A full relativistic thin disc -- the physics of the plunging region and the value of the stress at the ISCO

TL;DR

This paper extends relativistic thin disc models through the ISCO by simulating particle inspiral, revealing a small but non-zero stress at the ISCO, which improves black hole parameter estimations from spectra.

Contribution

It introduces a new particle-in-disc technique to self-consistently model the plunging region, challenging the assumption of zero stress at the ISCO.

Findings

The inspiral completes 4-17 orbits before crossing the horizon.

The stress at the ISCO is small but non-zero, affecting luminosity and temperature.
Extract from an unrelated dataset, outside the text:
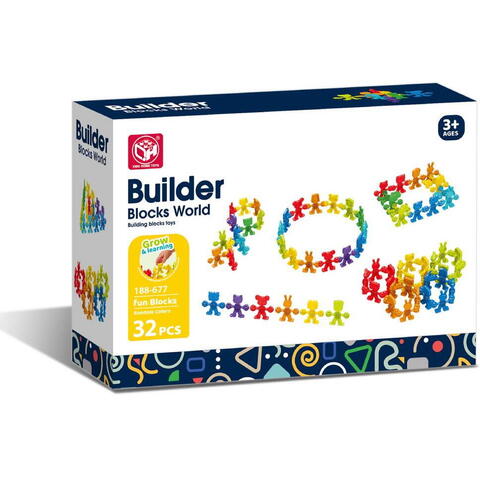 Bufnitel Joc de constructie STEAM - Animalute vesele (32 piese) - RESIGILAT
The method resolves inaccuracies in turbulent heating inside the plunging region.

Abstract

The widely used Novikov-Thorne relativistic thin disc equations are only valid down to the radius of the innermost stable circular orbit (ISCO). This leads to an undetermined boundary condition at the ISCO, known as the inner stress of the disc, which sets the luminosity of the disc at the ISCO and introduces considerable ambiguity in accurately determining the mass, spin and accretion rate of black holes from observed spectra. We resolve this ambiguity by self-consistently extending the relativistic disc solution through the ISCO to the black hole horizon by calculating the inspiral of an average disc particle subject to turbulent disc forces, using a new particle-in-disc technique. Traditionally it has been assumed that the stress at the ISCO is zero, with material plunging approximately radially into the black hole at close to the speed of light. We demonstrate that in fact the inspiral is less severe, with several (~4-17) orbits completed before the horizon. This leads to a small non-zero stress and luminosity at and inside the ISCO, with a local surface temperature at the ISCO between ~0.15 and 0.3 times the maximum surface temperature of the disc, in the case where no dynamically important net magnetic field is present. For a range of disc parameters we calculate the value of the inner stress/surface temperature, which is required when fitting relativistic thin disc models to observations. We resolve a problem in relativistic slim disc models in which turbulent heating becomes inaccurate and falls to zero inside the plunging region.